ShaeLynn Mercedes. This was the perfect name for my little girl. I wanted to honor Amber Lynn as well as the impact she and her family had on our lives.

Amber taught me that the value of a person is not in what they can do. I already knew this to an extent but Amber made it perfectly clear to me.

Amber was her family's precious little girl. Just like my little girl's are in my family. Their differences in abilities do not matter. All 3 of these girls are loved and cherished. Amber's family did everything they could to help her reach her potential. In the end her abilities didn't matter. They missed seeing her smile, hearing her laugh. They didn't care that she never walked or talked. Amber's abilities were not who she was.

Everytime I write ShaeLynn's name I am reminded of what Amber Lynn taught me. That while I am here to help my children reach their full potential, I don't decide what that is. I do decide how I react to it.

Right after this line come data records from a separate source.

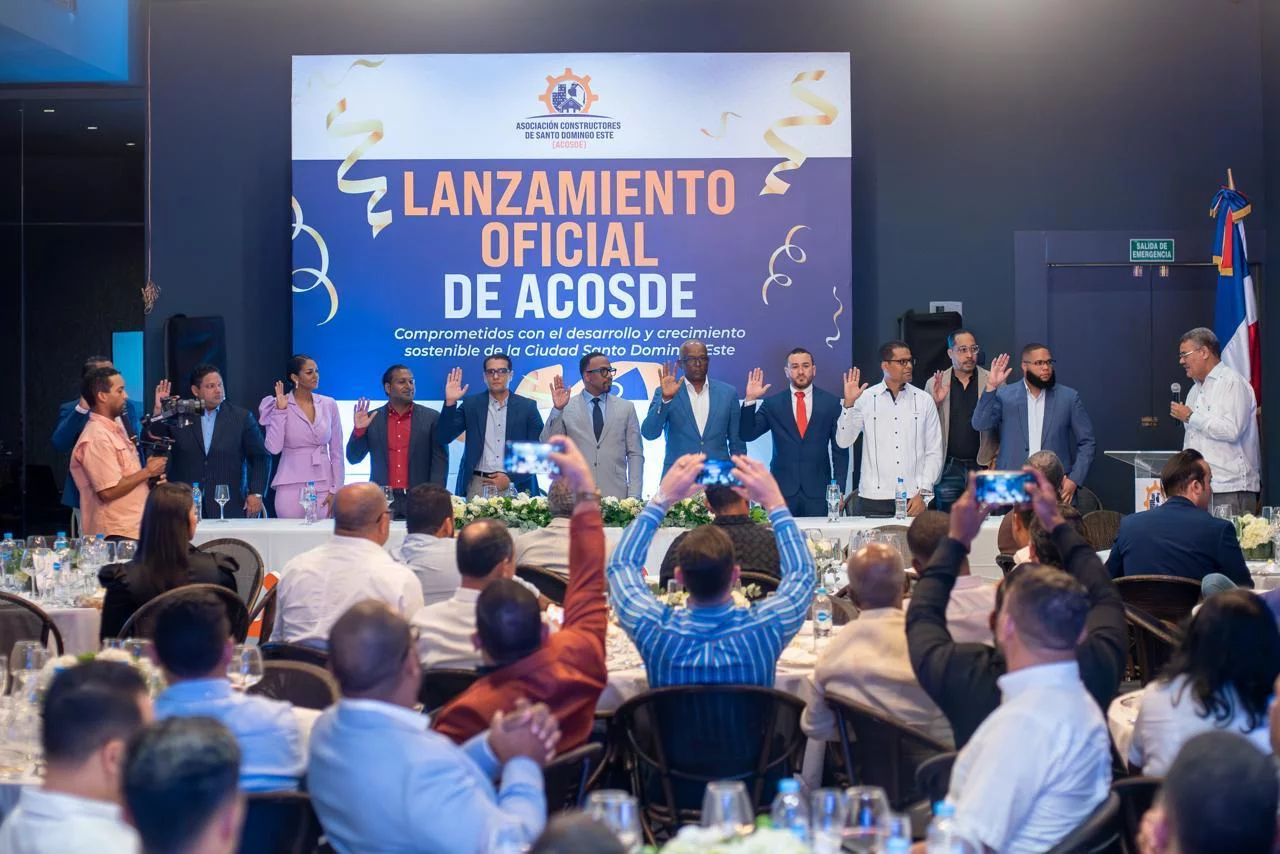 Presentan la Asociación de Constructoras de Santo Domingo Este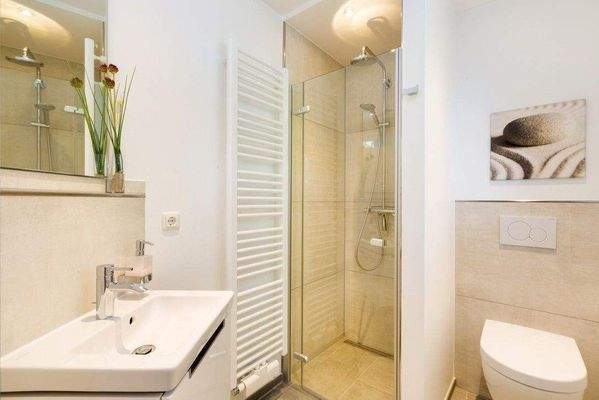 Badezimmer im Erdgeschoss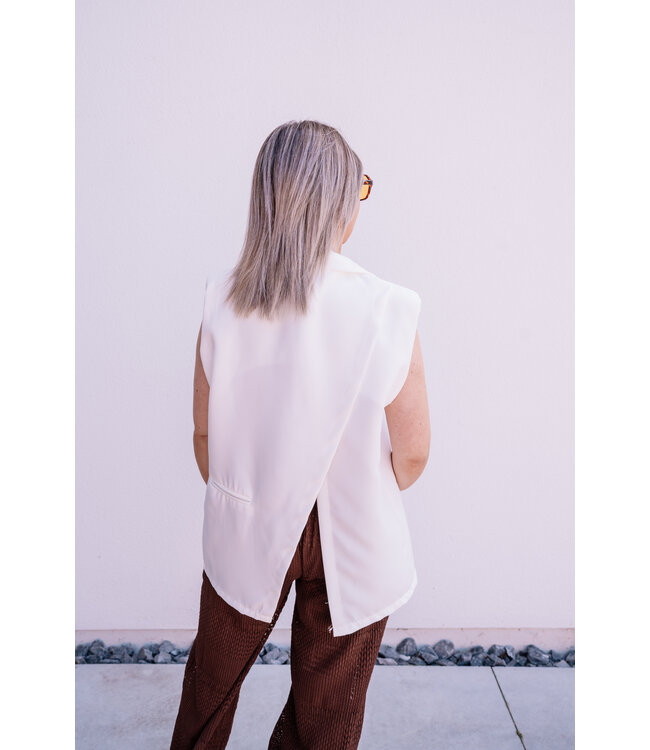 Sleeveless blazer white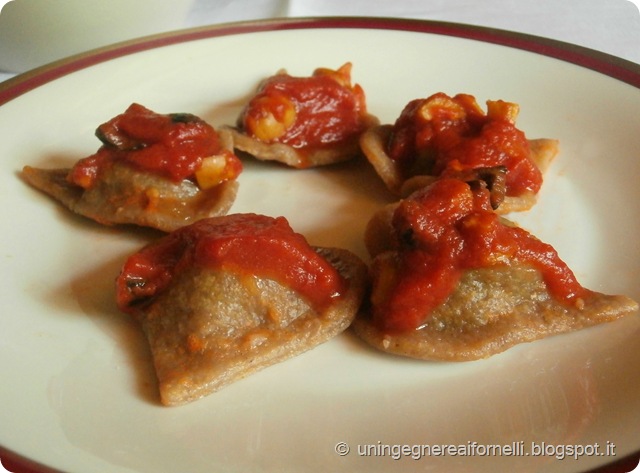 ravioli pasta merluzzo biete farina segale mais frumento integrale olive pomodoro ricotta cheese cod chards ravioli pasta merluzzo biete farina segale mais frumento integrale olive pomodoro ricotta cheese cod chards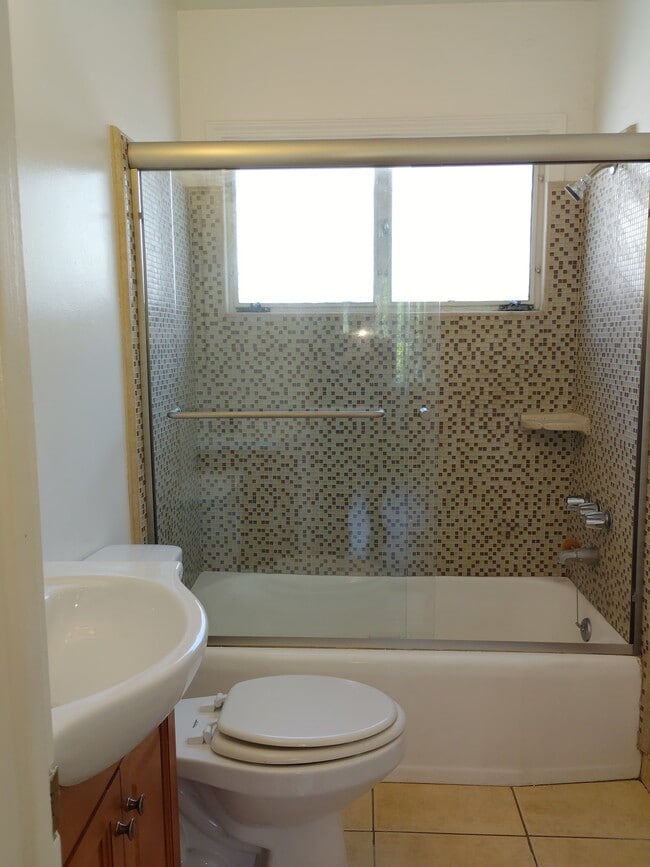 Photo - 4712 Elmwood Ave Unidad 7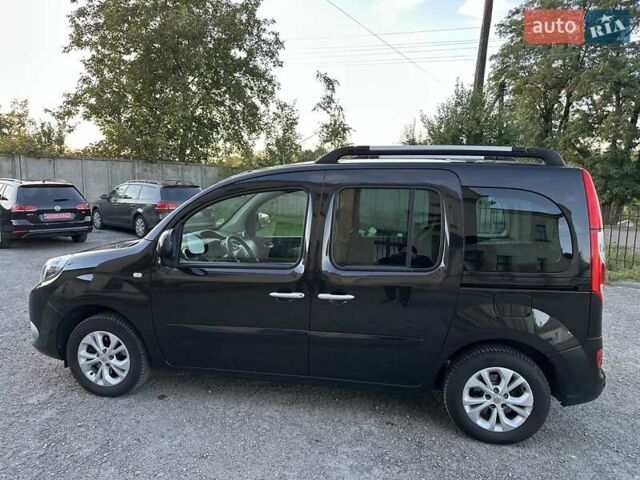 Черный Рено Кенгу, объемом двигателя 1.5 л и пробегом 259 тыс. км за 11550 $, фото 4 на Automoto.ua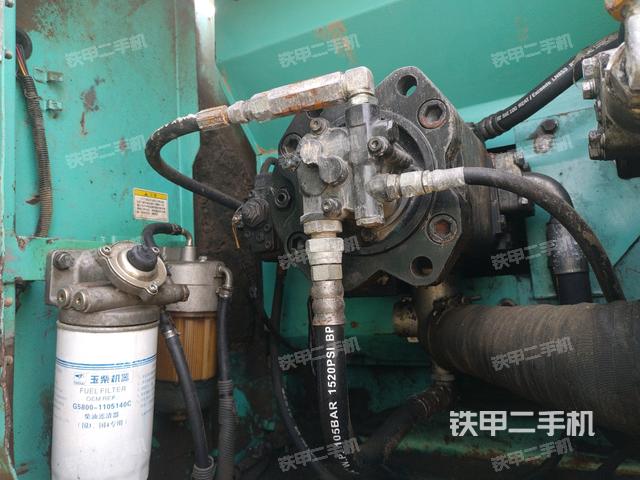 液压泵斜45 左（大件舱室）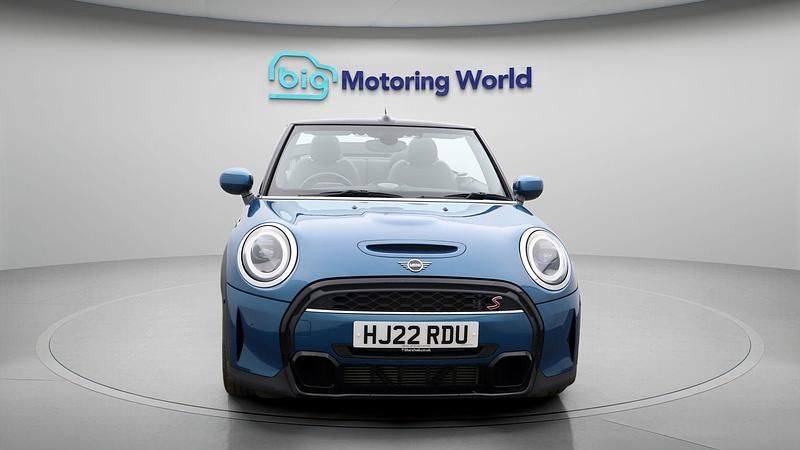 Used Mini Cooper S Classic 176 HP (129 kW) 2022 Hatchback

I remember that in the end what matters is my little girl's happiness. Seeing them smile, hearing them laugh, watching them while they sleep. It doesn't matter what they grow up to be. They are my little girls.

All I ever asked for was happy and healthy children. I said I was willing to compromise on the healthy part as long as they were happy.

I didn't realize exactly how much I meant that, until Amber Lynn came into our lives. Amber Lynn and her family taught me how to truly appreciate that in a way I might not have otherwise.

Everytime I talk to a parent who is struggling with their child's delays... with not having a diagnosis... with the same relentless search that goes with having children with special needs. I find myself telling them about Amber. How she taught me that in the end that diagnosis doesn't matter. What matters is the little girl.

Amber will continue to influence people's lives because her legacy will always live on. Those who were touched by Amber are not going to forget her.